Quartermain sounds equally contrite about delayed shipment of its first silver concentrate. Having finished construction of the silver flotation circuit this winter, Silver Standard had forecasted it would make the shipment at the end of May. But Quartermain says Silver Standard still hasn’t made it and that the company continues to stockpile silver concentrate.

He says the shipment will likely go sometime in June.

The delay, he says, has to do with ensuring silver production goes smoothly at the plant as Silver Standard trains its workforce and accustoms itself to winter conditions at the mine site. With freezing temperatures at the mine, for example, that means calibrating heating to keep fluids in the plant’s machinery running.
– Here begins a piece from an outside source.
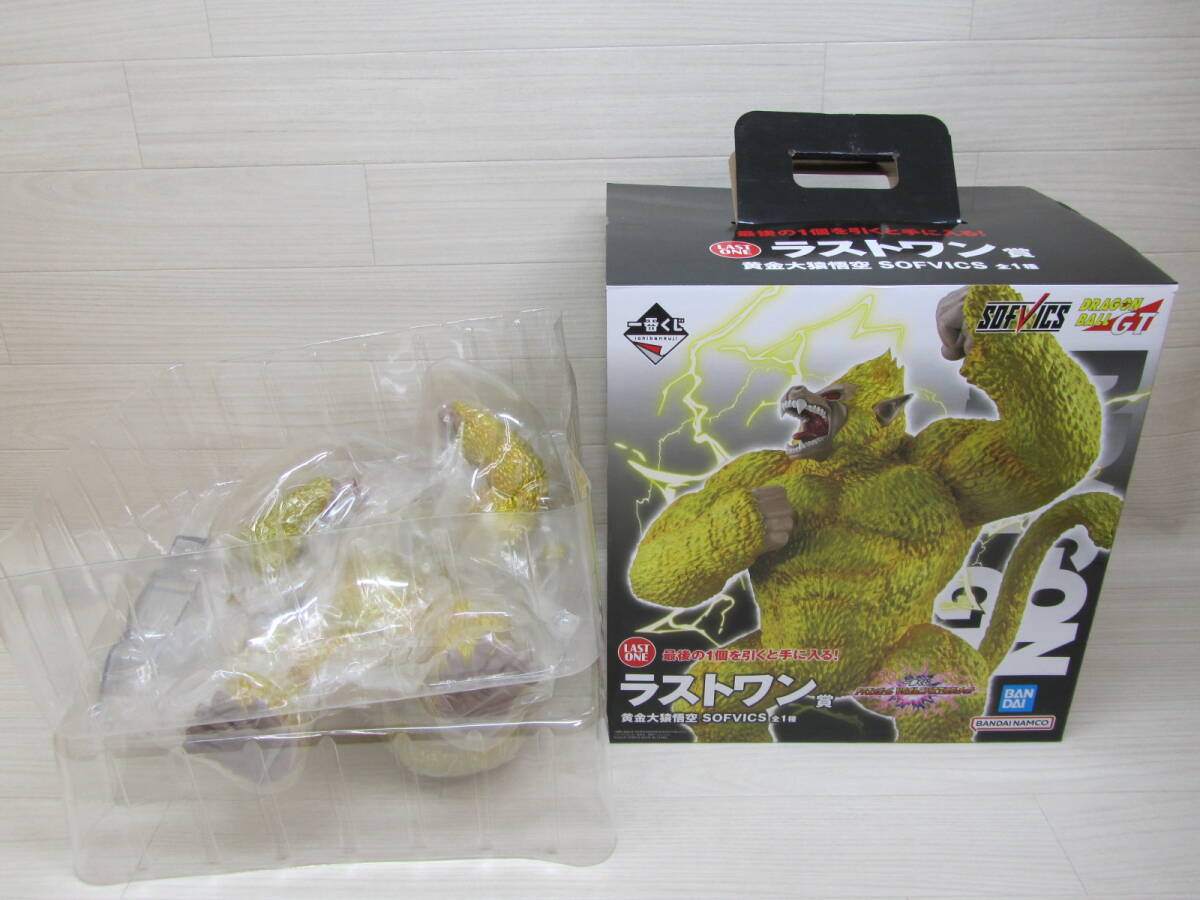 06/S502☆一番くじ ドラゴンボール VSオムニバスアルティメット 06/S502☆一番くじ ドラゴンボール VSオムニバスアルティメット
For those efforts, playing with plant efficiencies and training what he boasts is a workforce that contains but a few expats, Quartermain heaps praise on Silver Standard’s senior vice president of operations, George Paspalas, who came to the company in 2007 from Placer Dome where he had been the senior vice president of technical development.

He says Paspalas has been focused on giving a mostly local workforce the prerequisite skill set to operate the mine. For Paspalas and Silver Standard’s efforts, and to acknowledge the importance of the mine to the local and national Argentinean economy, in April the president of Argentina Cristina Fernandez de Kirchner attended the mine’s inauguration ceremony in San Salvador de Jujuy.

So, with production almost on schedule, will Silver Standard achieve the forecasted 6 million oz. silver in 2009 and 10 million oz. silver a year thereafter for the next 14 years? Though Quartermain does not back down from the 6 million oz. target, he does use pliable language, saying it is in the “6 million oz. range” and that Silver Standard “will continue to revisit” the figure.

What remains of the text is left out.